Dans Kubernetes 1.27 et versions ultérieures, vous devez utiliser un fournisseur de cloud AWS hors arbre. Les fournisseurs de cloud en arbre ont cessé d’être pris en charge. Le fournisseur de cloud Amazon a été complètement supprimé et ne fonctionnera plus après une mise à niveau vers Kubernetes 1.27. Les étapes énumérées ci-dessous sont toujours nécessaires pour configurer un fournisseur de cloud Amazon. Vous pouvez configurer un fournisseur de cloud hors arbre après avoir créé un rôle IAM et configuré le ClusterID.

Vous pouvez également migrer d’un fournisseur de cloud en arbre vers un fournisseur de cloud hors arbre AWS sur Kubernetes 1.26 et versions antérieures. Tous les clusters existants doivent migrer avant de passer à la version v1.27 afin de rester fonctionnels.

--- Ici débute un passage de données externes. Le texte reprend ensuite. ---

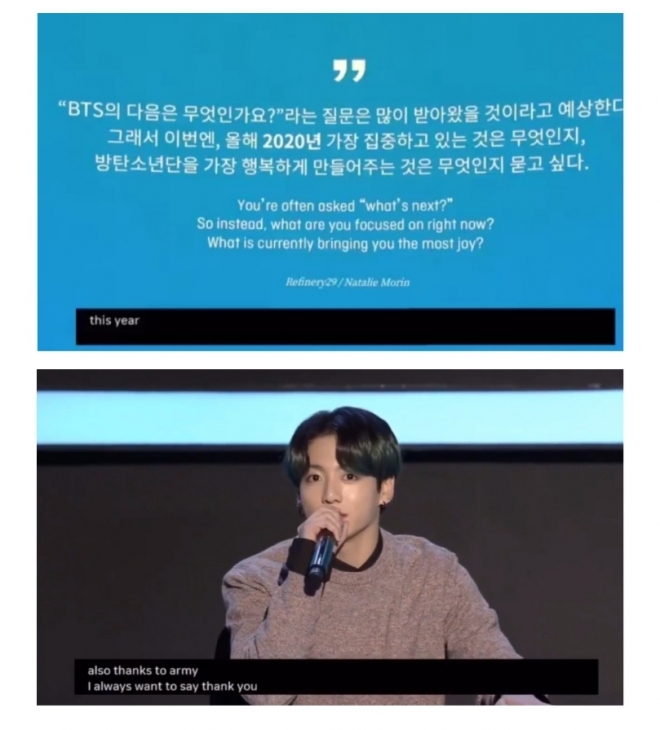 방탄소년단 BTS 정국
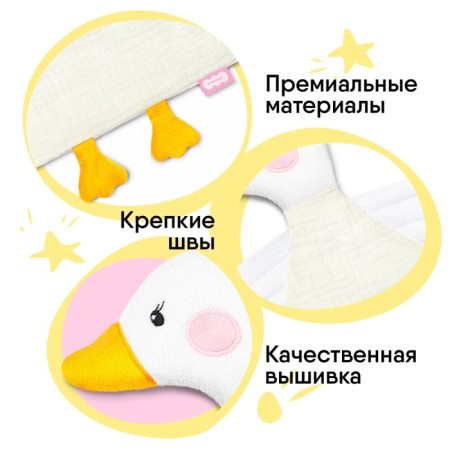 Toy - comforter "Gusenok", crumbs-5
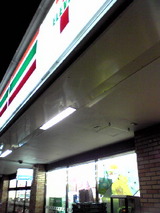 44e9b54b.jpg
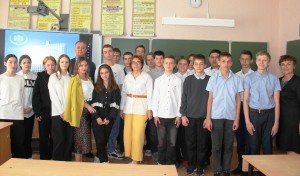 3 округ: "Разговор о важном".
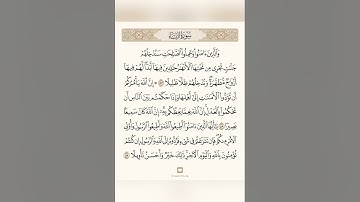 من سورة النساء تلاوة الشيخ صلاح البدير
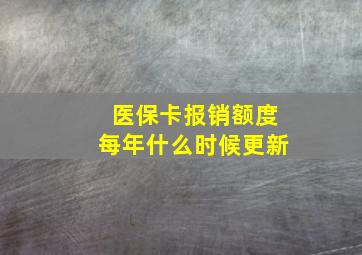 医保卡报销额度每年什么时候更新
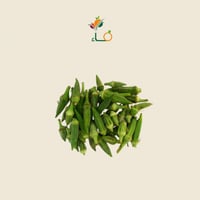 بامية صحن صغير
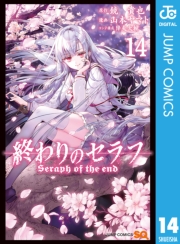 終わりのセラフ 1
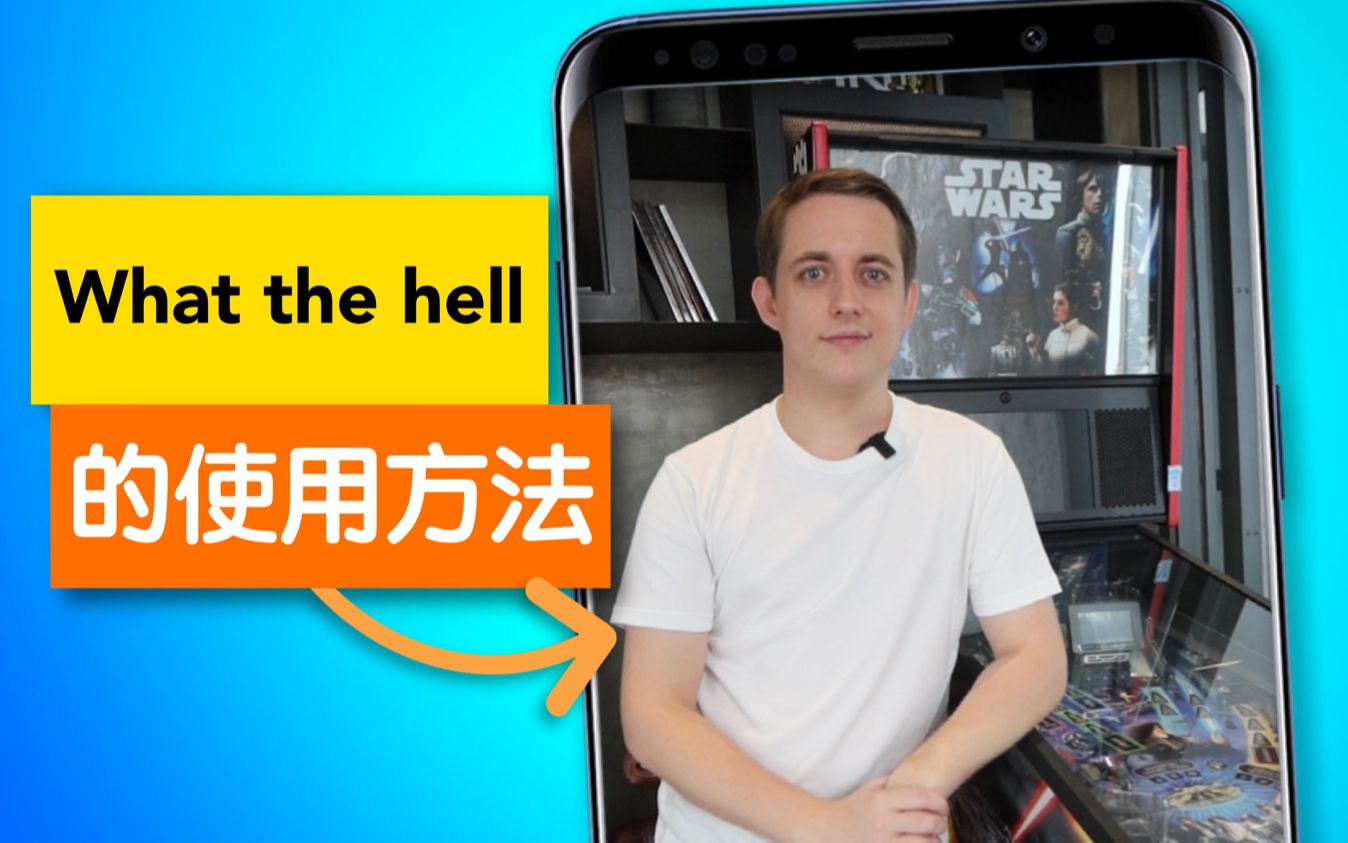 What the hell哔哩哔哩bilibili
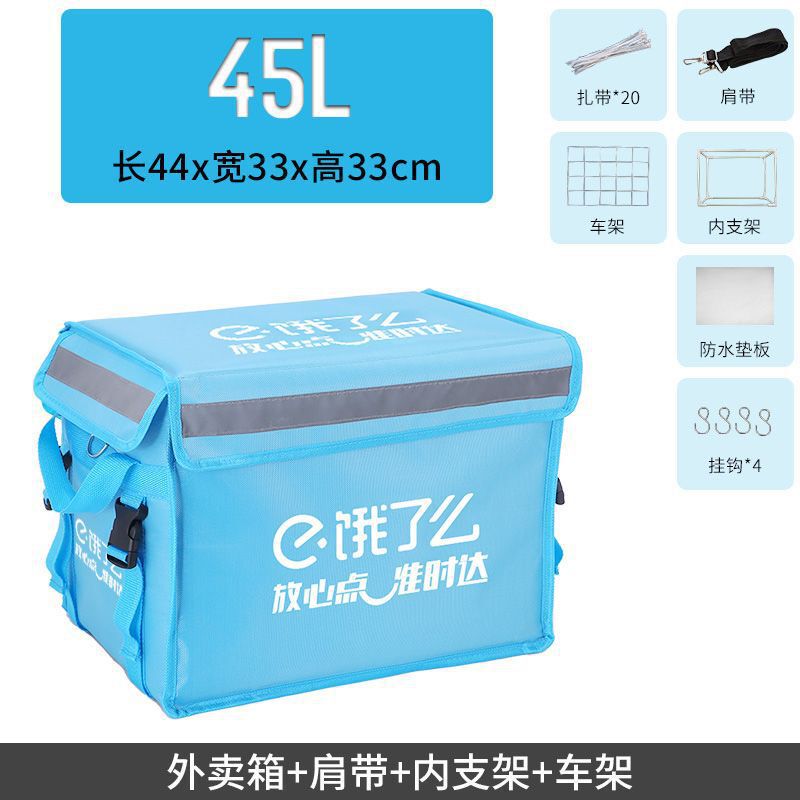 饿了么外卖箱配送餐保温箱骑手装备防水冷藏车载加厚蜂鸟即配众包|undefined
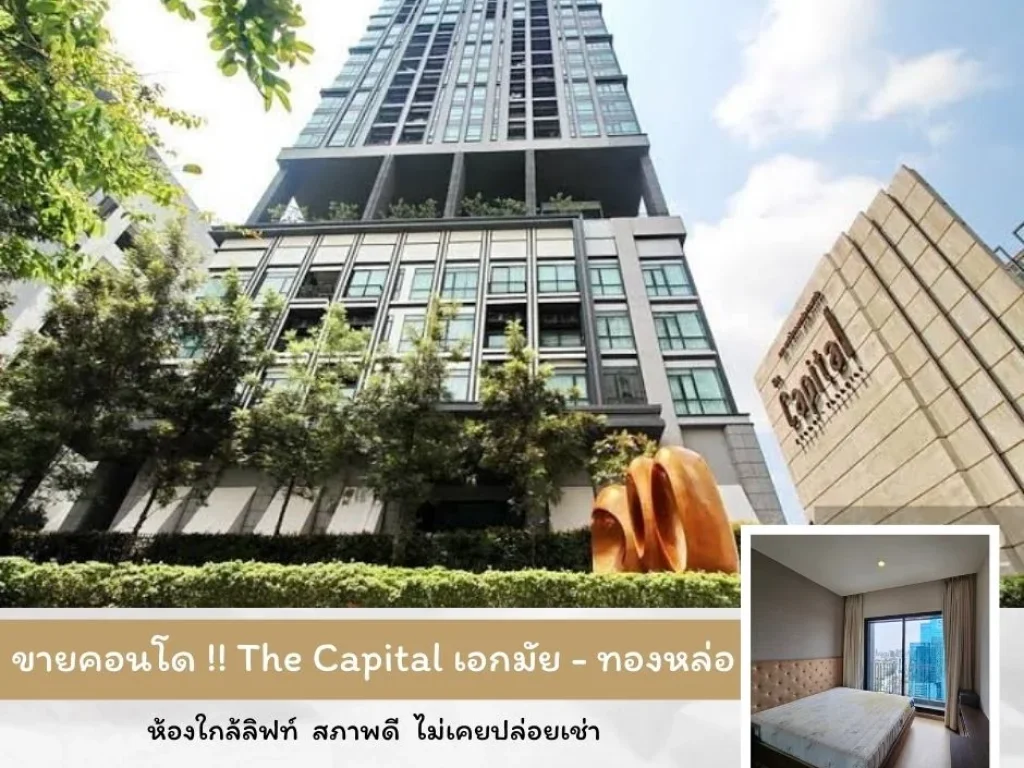 ขาย คอนโดหรูกลางใจเมือง The Capital เอกมัย - ทองหล่อ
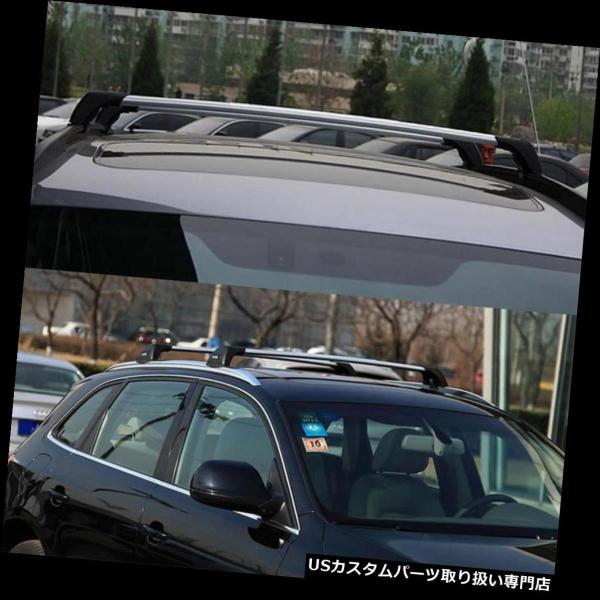 USキャリア アウディQ5 2013-2016アルミ手荷物荷物ルーフラックレール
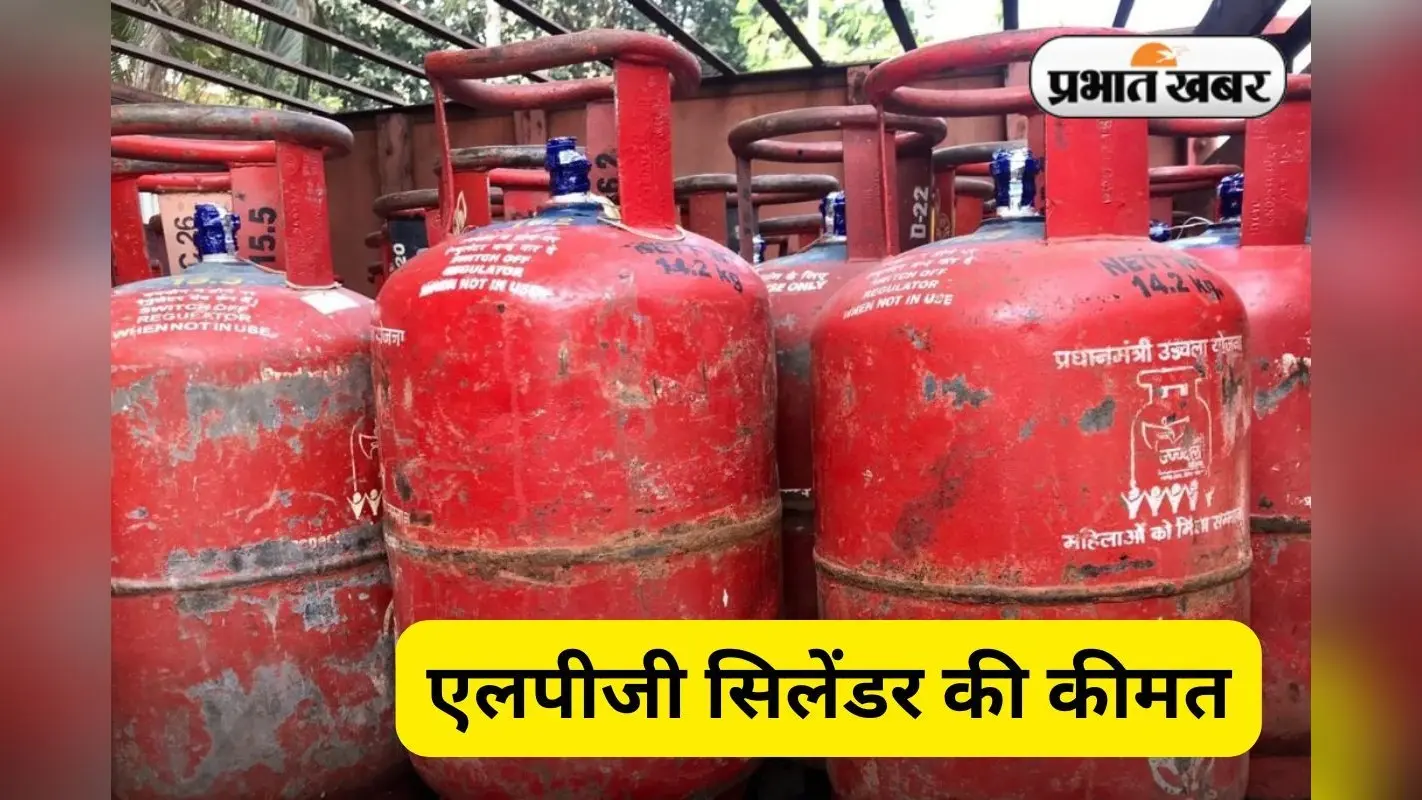 18 जून 2025 को झारखंड के 24 जिलों में क्या है एलपीजी का रेट, आपको कितने में मिलेगा सिलेंडर, यहां देखें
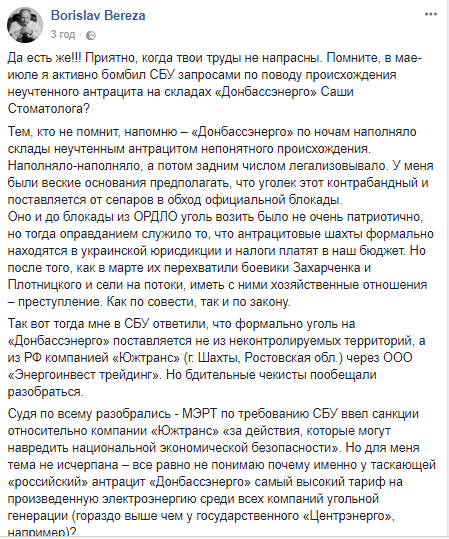 Ликвидирован очередной канал контрабанды угля из ОРДЛО, - нардеп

À partir de Kubernetes 1.23, vous devez désactiver la porte de fonctionnalité CSIMigrationAWS pour utiliser le fournisseur de cloud AWS en arbre. Vous pouvez le faire en définissant feature-gates=CSIMigrationAWS=false comme argument supplémentaire pour le Kubelet, le gestionnaire de contrôleur, l’API Server et le planificateur du cluster dans la configuration avancée du cluster.

Lorsque vous utilisez Amazon comme fournisseur de cloud, vous pouvez tirer parti des capacités suivantes :

Équilibreurs de charge : Lancez un AWS Elastic Load Balancer (ELB) lorsque vous sélectionnez Layer-4 Load Balancer dans Mapping de port ou lorsque vous lancez un Service avec type: LoadBalancer.
Volumes persistants : Utilisez des AWS Elastic Block Stores (EBS) pour les volumes persistants.

Consultez le README du fournisseur de cloud AWS pour plus d’informations sur le fournisseur de cloud Amazon.

Pour configurer le fournisseur de cloud Amazon,

Créer un rôle IAM et l’attacher aux instances
Configurer le ClusterID

1. Créer un rôle IAM et l’attacher aux instances

Tous les nœuds ajoutés au cluster doivent pouvoir interagir avec EC2 afin de pouvoir créer et supprimer des ressources. Vous pouvez activer cette interaction en utilisant un rôle IAM attaché à l’instance. Voir la documentation Amazon : Création d’un rôle IAM pour savoir comment créer un rôle IAM. Il existe deux politiques d’exemple :

La première politique est pour les nœuds avec le rôle controlplane. Ces nœuds doivent pouvoir créer/supprimer des ressources EC2. La politique IAM suivante est un exemple, veuillez supprimer les autorisations inutiles pour votre cas d’utilisation.
La deuxième politique est pour les nœuds avec le rôle etcd ou worker. Ces nœuds doivent uniquement pouvoir récupérer des informations d’EC2.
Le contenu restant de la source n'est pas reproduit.